In previous analytical approaches, the direct calculation of friction loss along a lateral is usually based on empirical power-form flow resistance equations, such as the Hazen–Williams and Blasius equations. The more generalized Darcy–Weisbach resistance equation is not usually applied since its friction coefficient varies along the lateral. In this paper, initially, the Darcy–Weisbach and Hazen–Williams equations are systematically compared, leading to a correction form for the Hazen–Williams coefficient. In addition, a more accurate procedure assuming a power function form for the Darcy–Weisbach equation along irrigation laterals is also proposed. The systematic analysis of various typical flow pipe irrigation situations (e.g., sprinkler irrigation laterals of linear or radial-center pivot displacement, trickle irrigation laterals, and manifolds) indicates that the friction loss along laterals calculated using the Darcy–Weisbach equation closely follows a discharge-power form function.

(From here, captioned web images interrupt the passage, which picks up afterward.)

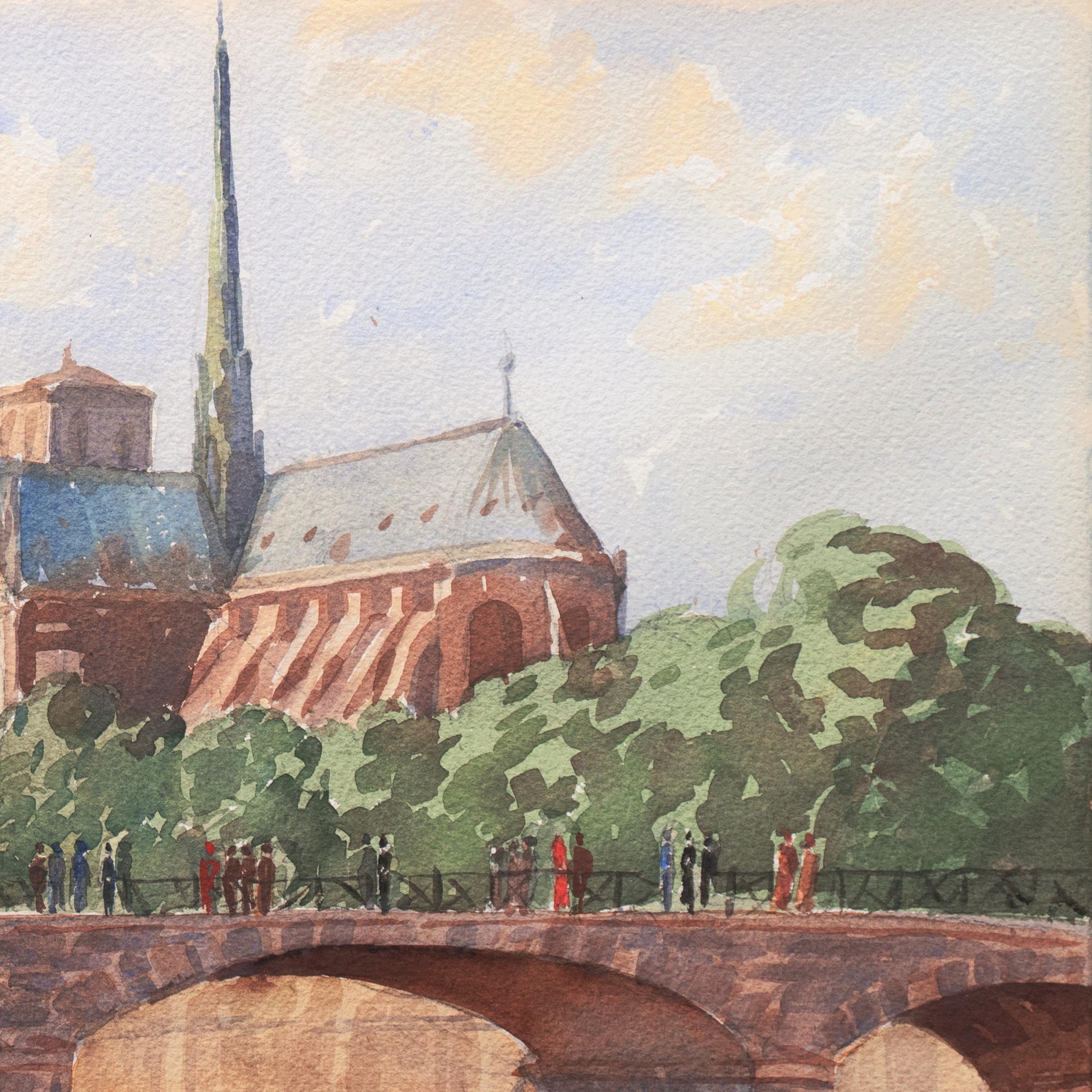 'Paris, Notre-Dame and Pont de l'Archevêché' CAC, ASL President, CWS President - Impressionist Art by Julian Garnsey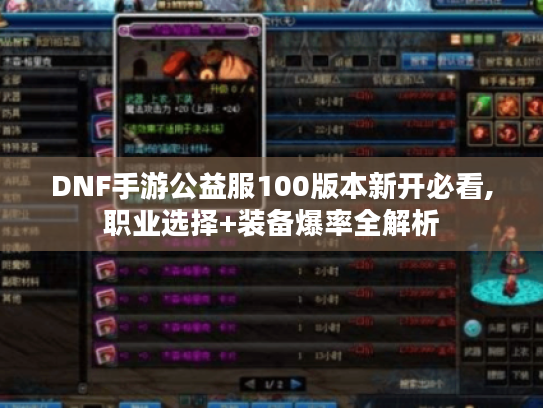DNF手游公益服100版本新开必看,职业选择+装备爆率全解析 DNF手游公益服100版本新开必看,职业选择+装备爆率全解析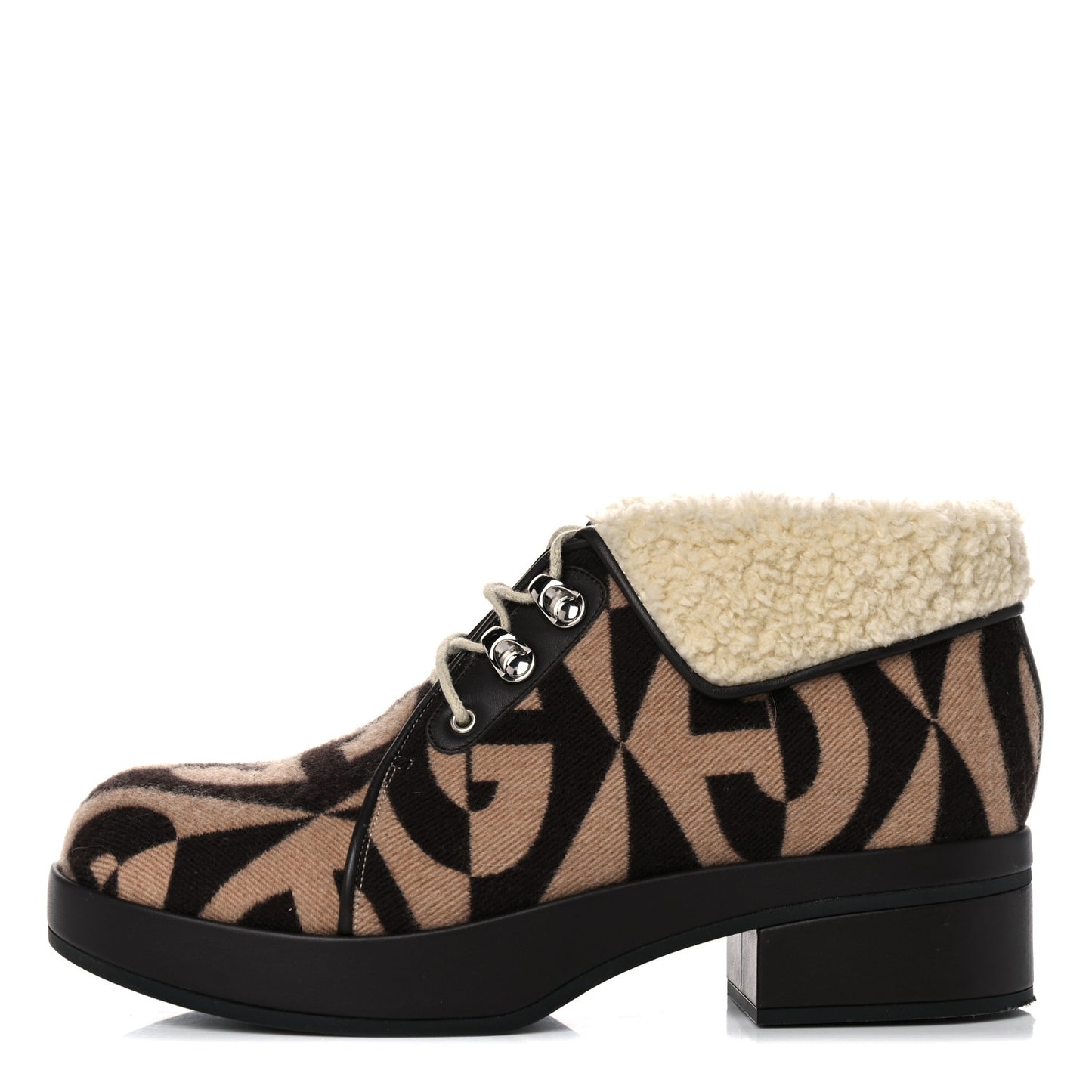 Wool Faux Shearling G Rhombus Womens Victor Ankle Boots 39 Beige Cocoa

The two empirical parameters of the power function depend on the specific pipe characteristics as well as the specific range of discharge values along the lateral. The proposed analytical solution is extended to incorporate the local head loss, the velocity head variation, and the outflow nonuniformity along sprinkler and trickle irrigation laterals. The suggested direct computation solution is demonstrated in two application examples of sprinkler and trickle irrigation laterals and compared with accurate numerical solutions.